Jade comienza a enojarse. Tan mal, su cara se está poniendo roja, y está respirando con dificultad, y está trabajando su mandíbula de lado a lado. Y ella está apretando mi mano de nuevo.
El dragón está de vuelta.
Intento alejarme de ella, pero en realidad, ¿Hasta dónde puedo llegar?
—Yo puedo donar. —André ofrece, pero creo que es para ayudar con la tensión.
Le envío una sonrisa agradecida.
—No, no lo harás. —Melissa mueve su cabello.
—Uh, ¿No lo haré? —André frunce el ceño, realmente confundido.
—¿Realmente crees que estaría bien si ellos criaran a los hijos de mi novio? —
—Uh...—el murmura.
—¿Y si quisiéramos tener la nuestra? Serían como una familia. —
—¿Eso es malo? —
—No quiero estar relacionado con Jade de ninguna manera o forma. —Melissa le da una mirada fuerte.
André me encoge de hombros indefenso. Supongo que no puede encontrar fallas en esa lógica.
—Lo siento chicas. —el dice.
Melissa me guiña un ojo. Sé que es porque ella realmente no tendría problemas conmigo y con Jade criando al hijo de André. Número uno, en realidad no están saliendo. Y el número dos; ella solo estaba causando que una escena nos distrajera de mi error de Beck. Todavía no puedo creer que hice eso.
Funciona porque Jade ya no tiene mi mano en un agarre mortal. Ella volvió a los tentadores golpes contra mis dedos que puedo sentir en otra parte.
—Un extraño al azar es. —se apresura Sinji. —Ahora, responde la pregunta. —
—¿Cuál fue la pregunta otra vez? —Jade pregunta.
—Tu hijo de cinco años, Tommy…—
—Joseph. —
—Tu hijo de cinco años, Joseph, dice una mala palabra. Tú:
A) Le das una advertencia.
B) Le lavas la boca con jabón.
C) Esperas a que Tori vuelva a casa para tratar con él.
O D), Te encoges de hombros. —
—No contestes eso todavía. —Jade me dice. —Depende. —
¿En serio?
—¿De que? —lo pregunto, un poco exasperada.
—¿Por qué lo dijo? —
—¡A quién le importa por qué lo dijo! —grita Sinji. —Tommy…—
—¡Joseph! —
—Tienes cinco años. Dijo una mala palabra. ¡¿Qué vas a hacer al respecto?! —
Jade lo mira por un momento.
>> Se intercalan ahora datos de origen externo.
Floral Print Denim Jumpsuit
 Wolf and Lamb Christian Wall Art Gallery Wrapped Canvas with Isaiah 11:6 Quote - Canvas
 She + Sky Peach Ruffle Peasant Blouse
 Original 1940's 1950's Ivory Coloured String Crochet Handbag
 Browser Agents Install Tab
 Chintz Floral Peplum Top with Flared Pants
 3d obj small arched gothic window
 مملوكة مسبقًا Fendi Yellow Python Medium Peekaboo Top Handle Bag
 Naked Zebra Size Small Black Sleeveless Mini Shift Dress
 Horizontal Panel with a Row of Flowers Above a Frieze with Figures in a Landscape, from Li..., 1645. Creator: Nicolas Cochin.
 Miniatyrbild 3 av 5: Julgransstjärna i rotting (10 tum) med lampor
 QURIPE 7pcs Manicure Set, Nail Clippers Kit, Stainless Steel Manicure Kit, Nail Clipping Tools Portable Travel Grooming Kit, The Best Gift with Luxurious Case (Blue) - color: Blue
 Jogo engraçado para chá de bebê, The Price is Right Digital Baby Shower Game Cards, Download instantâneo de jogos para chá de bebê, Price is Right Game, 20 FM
Entonces ella dice: —¿Cuáles eran mis opciones otra vez? —
Sinji se golpea la cabeza un par de veces con el micrófono. Entonces, Trina con mucho gusto interviene.
A) Le das una advertencia.
B) Le lavas la boca con jabón.
C) Esperas a que Tori vuelva a casa para tratar con él.
O D) Te encoges de hombros.
Presiono D antes de que Jade pueda encontrar una manera de posponer un poco más.
—D. — Jade responde unos segundos después.
—Y tu respuesta es ... correcta. — Sinji anuncia.
Jade me sonríe. —Me conoces tan bien, baby. —
Le doy una mirada fuerte. —¡Eso no quiere decir que fue la respuesta correcta, Jade! —
Ella parpadea. —¿En serio? ¿Estás realmente enojada conmigo ahora? —
La ignoro. —Siguiente pregunta, Sinji. —
—No me apresures. —
—Dios-la-Beep-con nosotras! ¡Joseph ni siquiera está aquí todavía! —
—¡Me importa una Beep! —
¡Eso otra vez! ¡Sólo iba a decir que no me importa! Bufe silenciosamente porque no tengo ganas de escuchar ese pitido de censura de nuevo.
Jade murmura en voz baja. No puedo distinguir sus palabras. Apuesto a que ella está diciendo malas palabras, pero ¿El pitido los detecta? Noooo….
—Bien, ahora es el momento de la segunda ronda. —Trina anuncia.
—¡Yo digo eso! —Sinji le grita.
—Oh, bueno lo dije primero. —ella sonríe dulcemente
Sinji hace su camino de regreso a la pareja número uno. —André. —dice, todavía mirando un poco de dureza.
—¿Que pasa? —
—Tu ex está de vuelta en la ciudad y ella no tiene dinero y no tiene dónde quedarse. —
Un coro de "Oooooo's" se puede escuchar de la audiencia.
—Tu:
A) La dejarías quedarse en tu sofá.
B) Le darías dinero para un hotel.
C) Le dirías que duerma en su carro.
O D), Cerrarías la puerta en su cara antes de que ella pueda decir algo?. —
Melissa bloquea su respuesta rápidamente.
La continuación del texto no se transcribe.